Sales managers ask their teams to lie to them and prove they have many more opportunities than they need to hit their targets. Despite having pipelines that are full of supposed opportunities, salespeople still miss their goals.
Sell like you live in the past, when winning mattered. It was enough to pursue real opportunities in your pipeline. Instead of worrying about coverage, remember that revenue doesn’t come from lost opportunities, whether the potential deals are real or make believe.
Take More Time
Sales managers want velocity. They want deals to come in fast and furious. If you wonder why salespeople are not nearly client-centric enough, it may have something to do with speeding up the sales process.

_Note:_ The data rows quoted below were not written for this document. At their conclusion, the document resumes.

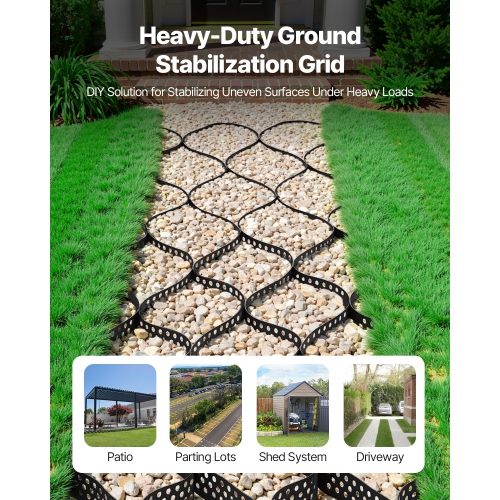 VEVOR 2 Inch Depth Gravel Grid, 32.81 x 9.84 FT / 10000 x 3000 mm, 1880 LBS Per Sq ft Grass Ground Retainer, Permeable Geo Grids Driveway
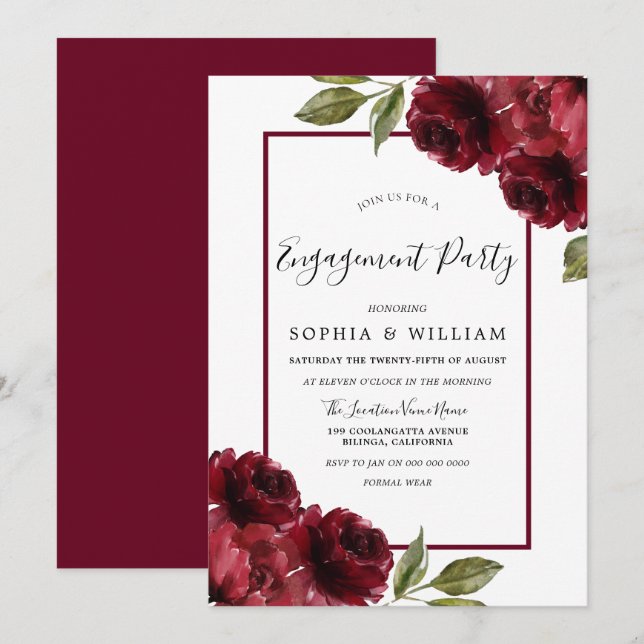 Burgundy Red Roses Modern Engagement Party Invitation (Front/Back)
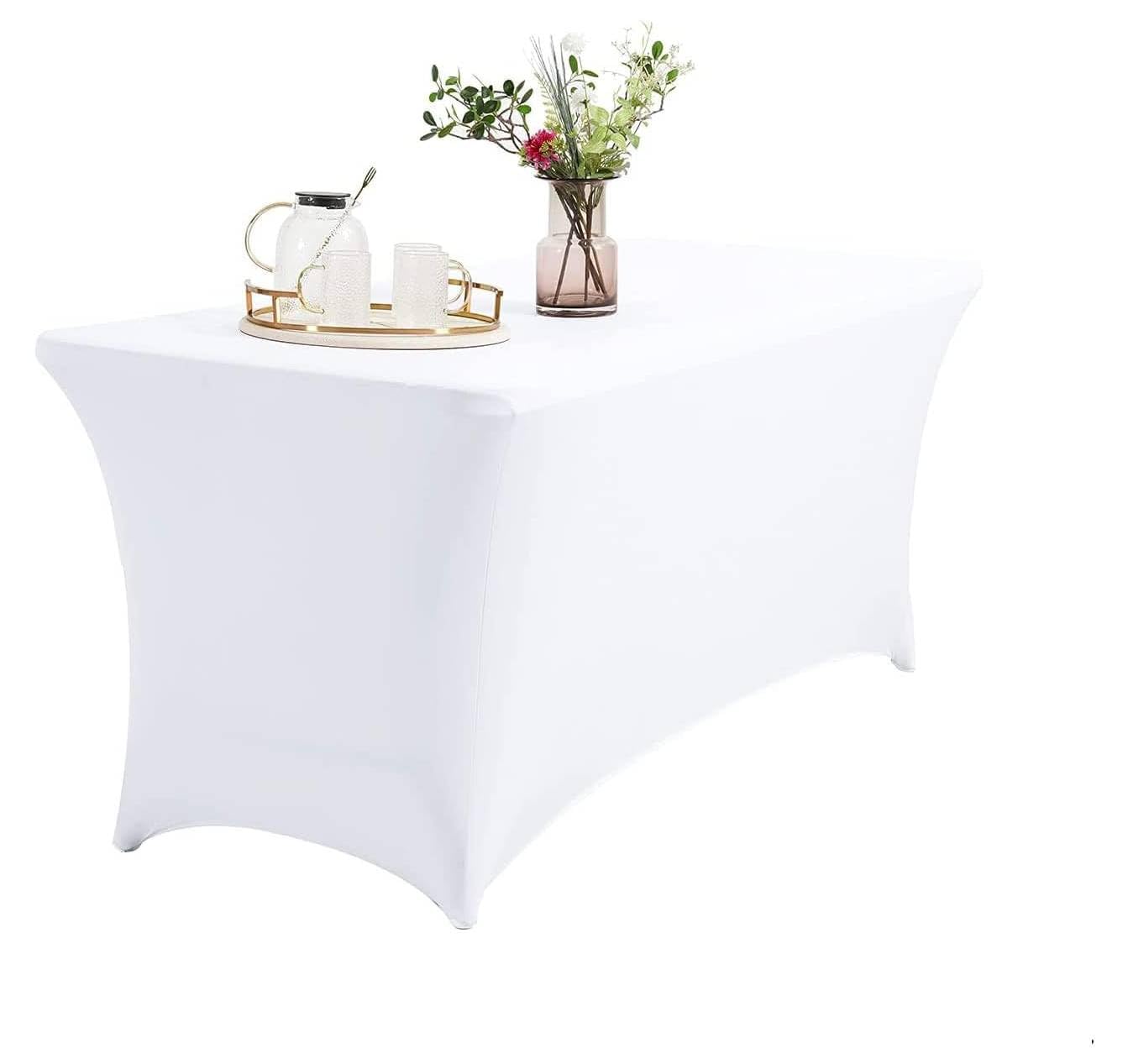 MOMENT [1.8M / 6FT] Spandex Tablecloth, 6FT Table Cover Rectangular Stretch Table Cloth Tight Fit Tablecloth for Parties, Trade Shows, Weddings and Events of All Kinds [Color : White]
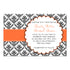 wedding invitations orange ribbon black damask printable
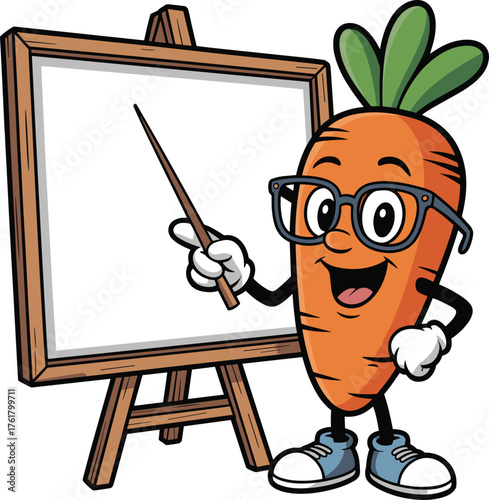 Cute Carrot Teacher Presenter Vector Healthy Food Mascot Explaining on Whiteboard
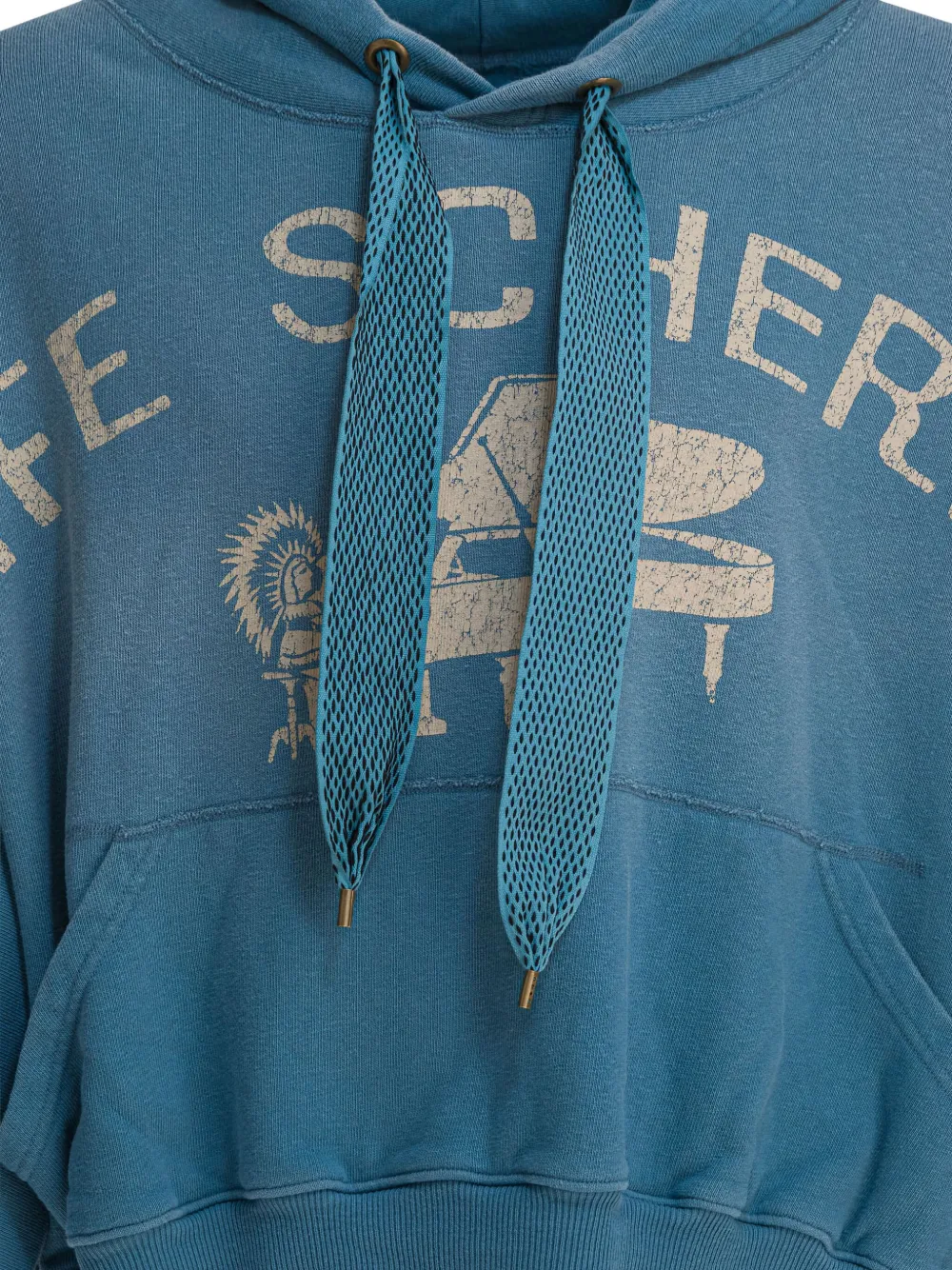 Kapital Graphic-print Drawstring Hoodie In Blue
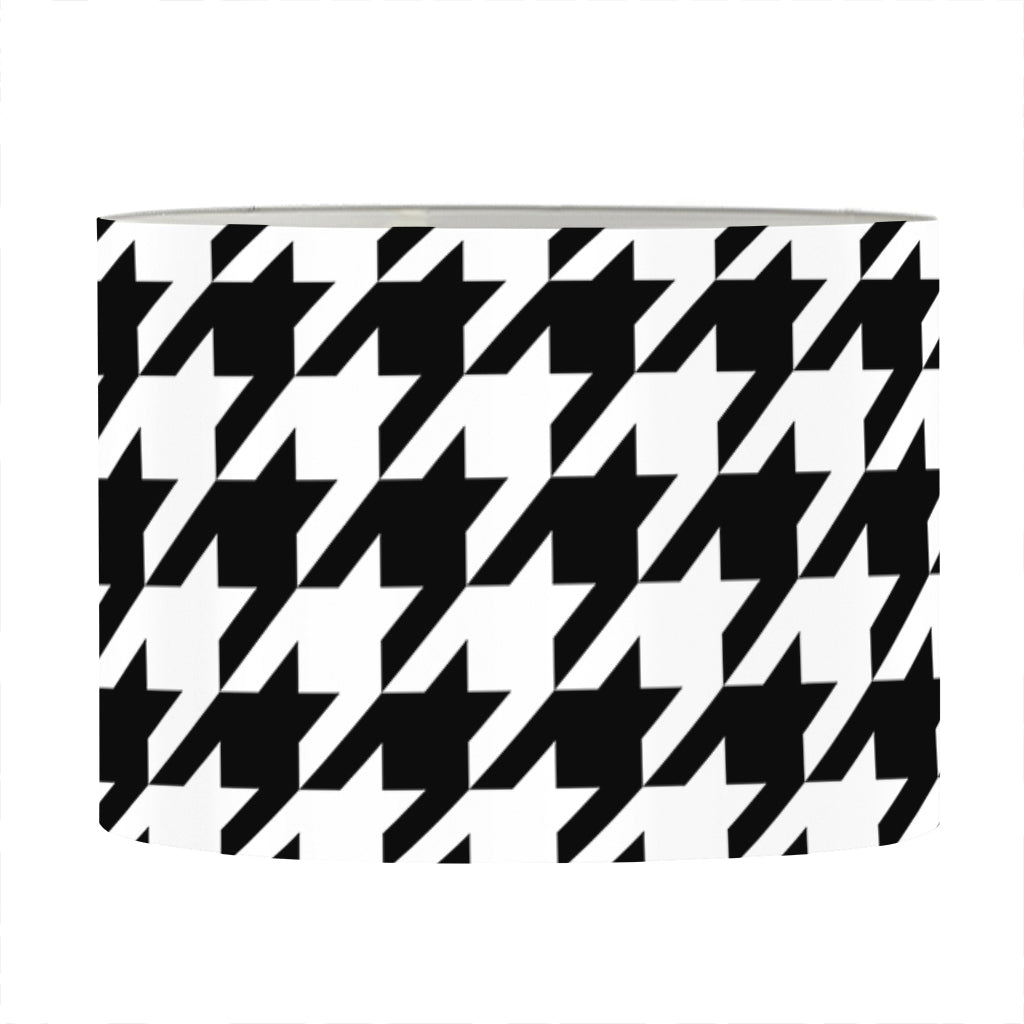 Black And White Houndstooth Print Drum Lamp Shade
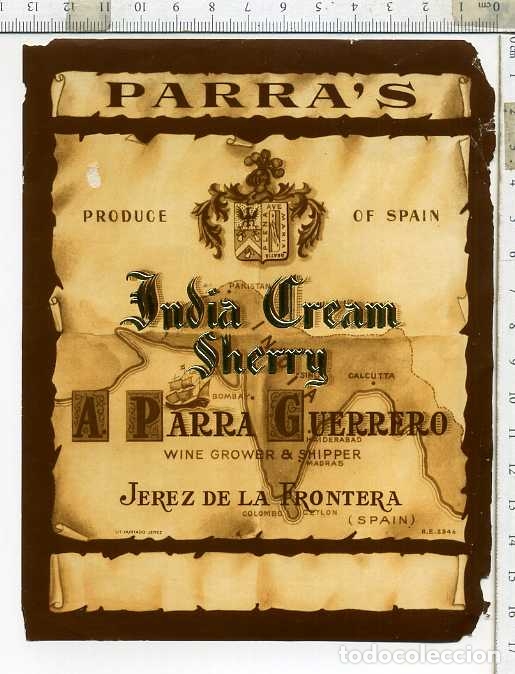 Etiquetas antiguas: ETIQUETA DE VINO INDIA CReam sherry  parras jeres de la frontera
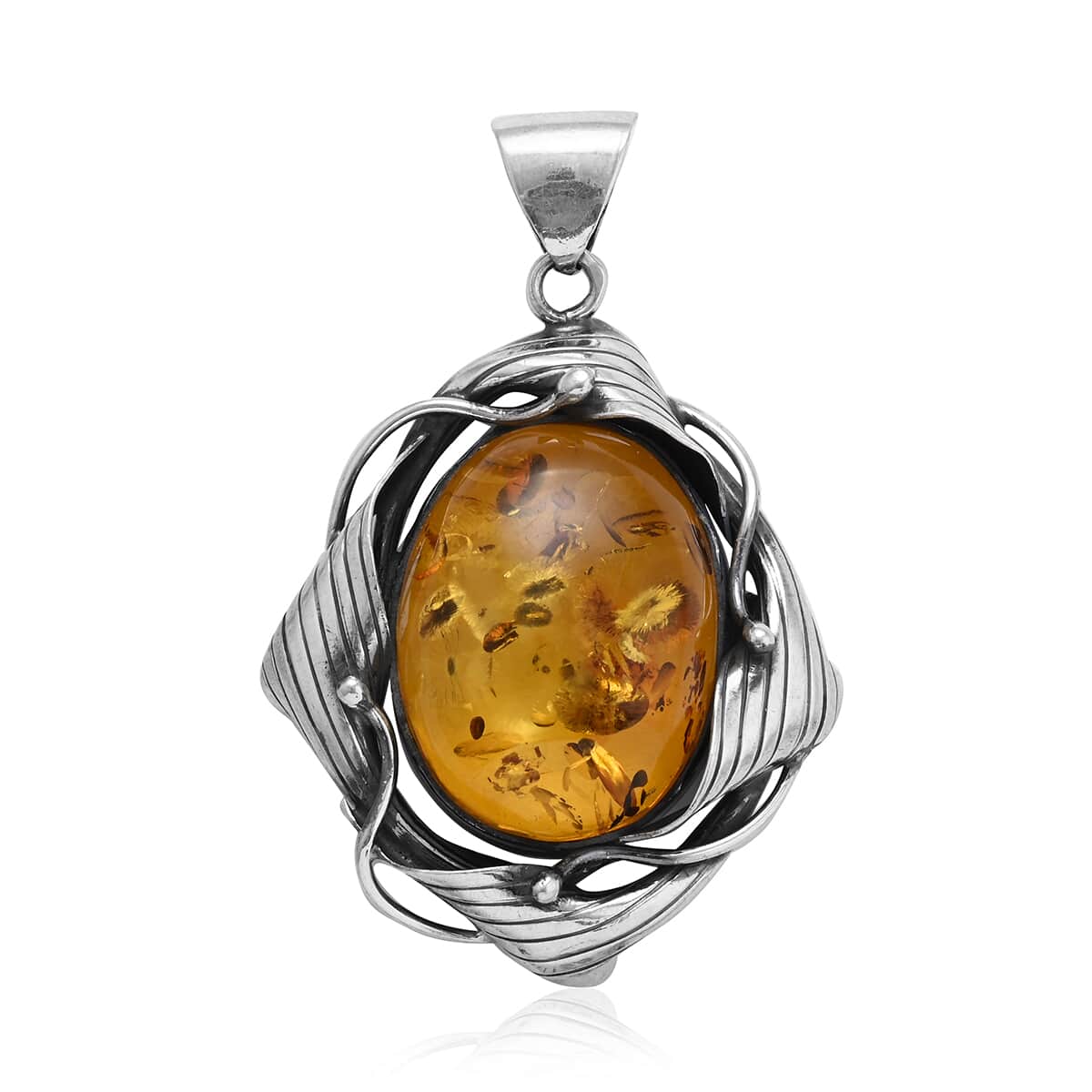 Baltic Amber Large Pendant in Sterling Silver image number 0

In the past, there would be no pressure to win today instead of next Thursday. Your goal was to win. Period. Speeding up means you are rushing your client through the sales conversation. Slowing down gives your clients time to acquire the information and insights they need to be confident in their decision. Giving clients time provides them with the certainty it is safe to buy from you.
One way to dominate a competitive sales situation is to spend so much time with your contacts that you leave little for your competitors. This is like a football team slowing down to run out the clock and deprive their rival of time. You can’t score if you don’t have the ball.
For Better Sales Results Look to the Past
If you want better sales results, look backward. There are a number of fundamental principles in this article worth observing: use the phone for prospecting, focus on a few potential clients, prepare for a face-to-face meeting, and take more time with your prospective clients. Taken together, these may reduce the coverage you need to reach your sales goals.
The ways of the past aren’t always better, but some of them can improve your effectiveness and boost your results in B2B sales. The techniques listed here can help you become a better salesperson and win more deals.